Monday, May 30, 2011

Book Life 16: Love Letter to a Fiction

Natalie: "I am [your friend], Ambrose."
Ambrose: "No, you're a black widow, wooing men to their doom with your feminine wiles."
Mr. Monk: "You wooed? With your wiles? What are you doing waving your wiles around?"
--Mr. Monk on the Road

(I reeeeaaaallllly want the snowglobe and bobblehead that USA used to sell...they are so awesome. The only thing better would be getting my books autographed or getting a signed pic of the cast *swoon*.)

For anyone who knows me or reads this blog, it should come as no surprise that I am in love with the Monk series (book and television). Mr. Monk is Cleaned Out and Mr. Monk on the Road have been glaring at me from the book shelf since the latter came out in January, but schoolwork kept me from them. I finally got to read them over the last couple of days, and as usual, I was blown away. Couldn't put them down. It's hard to discuss plots of Monk books without accidentally giving too much away, so I'll leave that alone. However, I have to applaud Goldberg's depictions of anxiety disorders once again.

I've had a couple of conversations in online OCD groups about Monk, and the reviews are somewhat mixed.
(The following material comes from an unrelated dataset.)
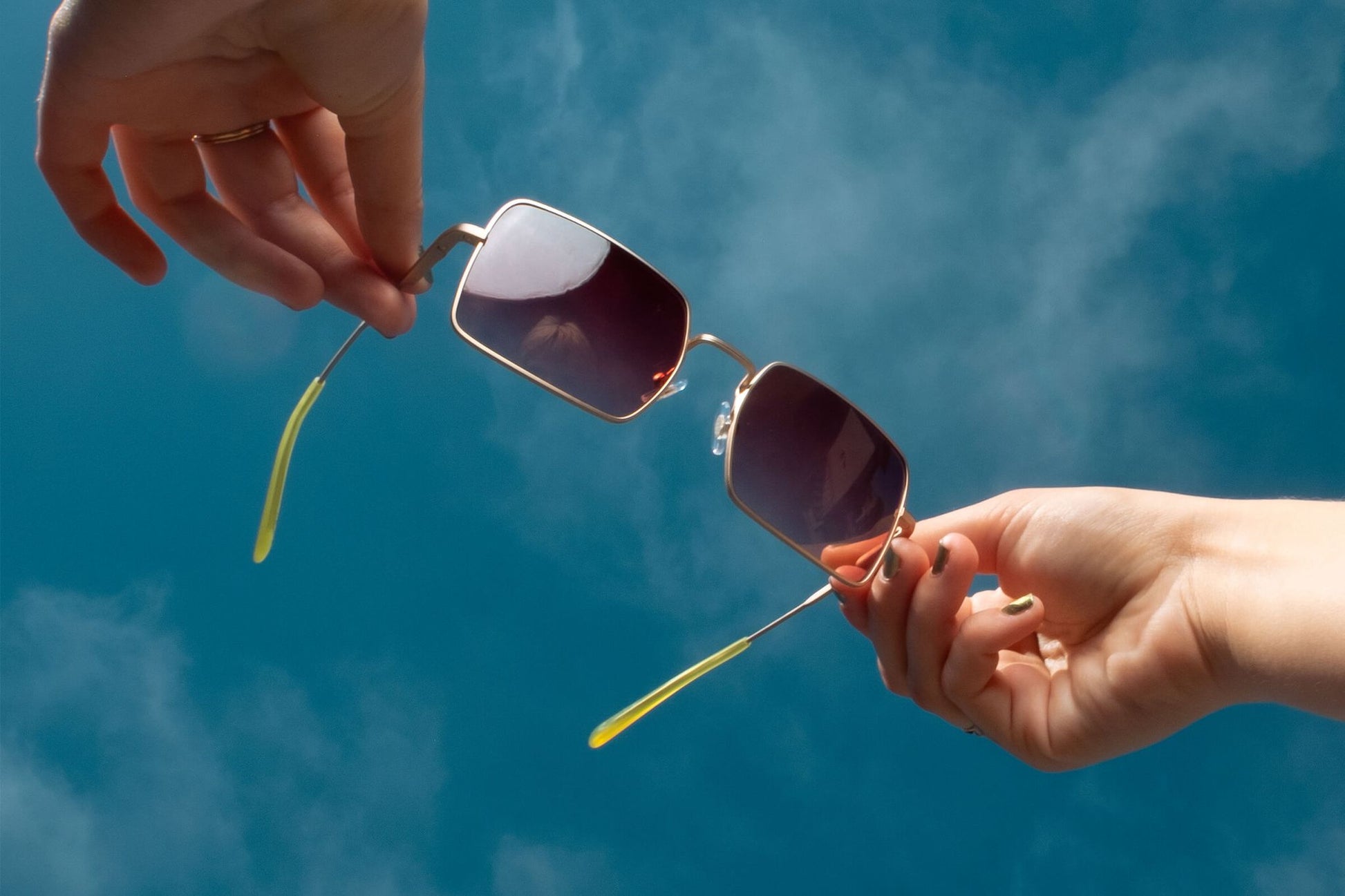 The Full Bloom / White Gold Kiwi Bio & Rosewood Gradient Lens - Shade Files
Most people I've asked like the show, but there are always a few who have issues. I've never understood why those few don't like Monk. Yes, he is slightly exaggerated at some points, but for crying out loud, it's a television universe. TV always exaggerates, even if just a little. What the Monk books and show manage to do is mystifying to me. OCD is never treated as a joke in itself (like Monica in Friends); there are characters here and there who consider Monk's issues to be a joke, but that's how it is. I can tell you from plenty of experience that a good number of people think OCD is not even a real disorder, that those of us who have it are simply looking for attention or are inflating our claims. Monk is as real a fictional character as I've seen in quite a while. His disorder does not disappear when he needs to catch the bad guy; in fact, it has prevented the catching of the bad guy in several instances. He gets better and worse depending on stress and situation, and that's definitely true. Almost better than the realistic OCD is the fact that he is not a saint. Television sometimes likes to paint those of us with mental disorders as innocent victims of circumstance who should have halos. Well, victims we may be on occasion, but innocent with halos? Definitely not. Monk has figurative warts (literal ones would obviously have to be removed immediately), and the show does not hesitate to show that he is not perfect or a saint. He's just a guy who happens to have OCD, albeit a much more severe case than many, and he's brilliant. I'm woman enough to admit that I miss him between books now that the series is over.